Constructing The Trade
Given this setup, the obvious play might seem to be targeting that $10 strike price where probability is highest. The 9/10 bull call spread expiring February 20, 2026, would capture that move. If NGD rises through $10 at expiration, you'd collect a maximum payout of about 43%. Decent, but not spectacular given the risk.
However, there's a case for being more aggressive here. The earnings catalyst, precious metals momentum, and that rare 4-6-U technical signal all suggest New Gold could outperform its typical behavioral patterns. The options market seems to agree, pricing in that 19.1% expected move.
That's where the 9/11 bull call spread becomes interesting. Yes, it requires NGD to climb through $11 at expiration, which is definitely ambitious. But if it gets there, the maximum payout jumps to roughly 111% - more than double the return of the conservative trade.
What makes this particularly compelling is the breakeven price: $9.95. That sits right in the thick part of the probability distribution, meaning you've got a solid chance of not losing money even while reaching for that bigger payout. You're essentially minimizing opportunity cost while maximizing profit potential if the bullish thesis plays out.
The Bigger Picture
This situation highlights something important about how markets actually work versus how they're supposed to work. By the textbook, New Gold should be trading in a tight range around its merger value, with minimal volatility as the deal progresses toward closing.
Instead, you've got a stock riding a powerful sector trend, approaching a potentially explosive earnings report, and showing technical strength that suggests momentum players haven't finished buying.
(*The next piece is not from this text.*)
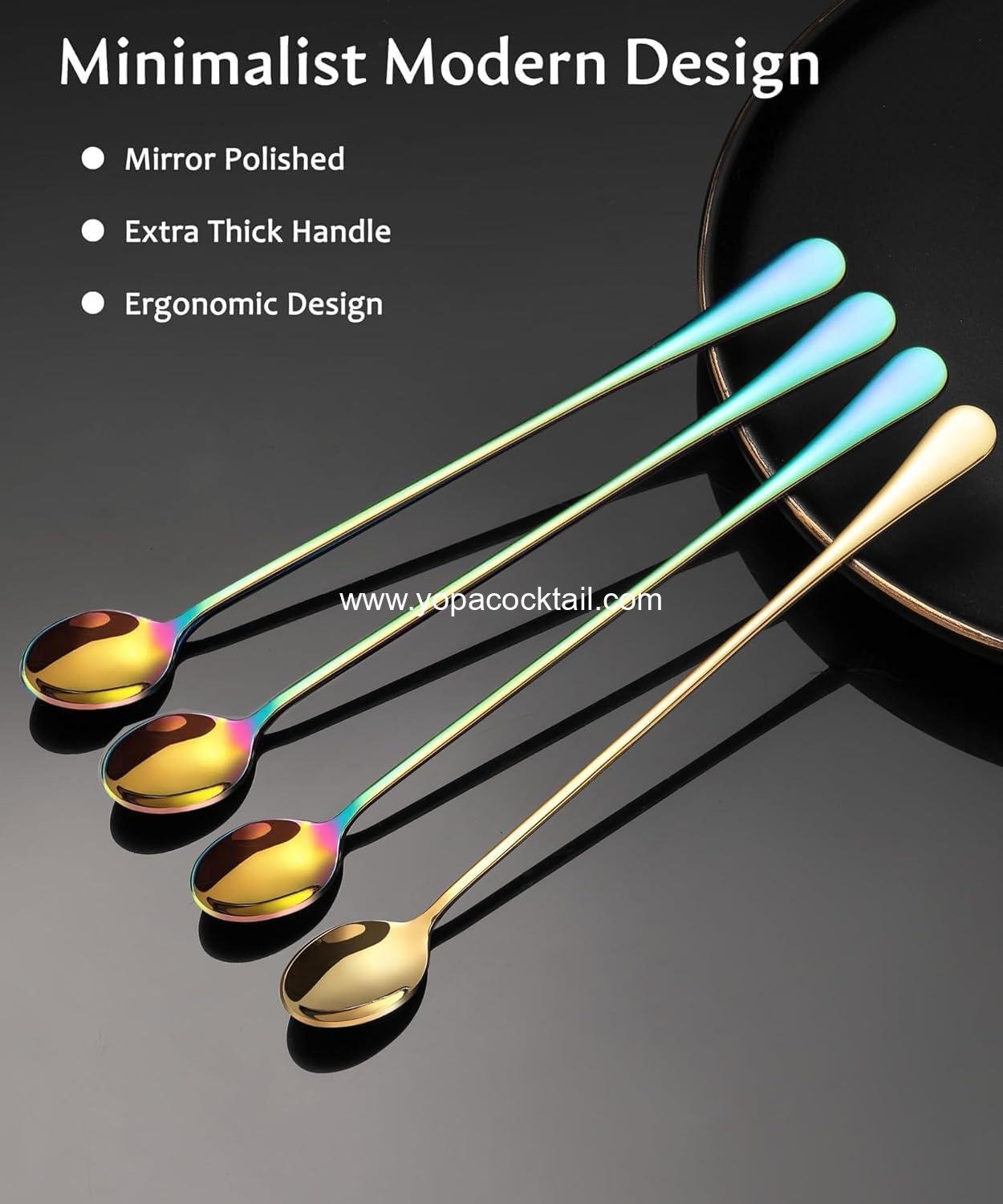 Wholesale Long-Handled Ice Tea Spoon Set of 4 (9 IN) - Cocktail Stir Spoons, Stainless Steel Coffee Spoons, Ice Cream Scoop - Supplier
The options market is pricing all of this in, creating opportunities that wouldn't exist in a vanilla merger arbitrage scenario.
Whether you take the conservative route targeting $10 or stretch for the $11 strike, the key is understanding what's actually driving the opportunity: not just the merger mechanics, but the confluence of sector momentum, earnings anticipation, and unusual technical strength. Sometimes the most interesting trades happen when what's supposed to happen meets what might actually happen instead.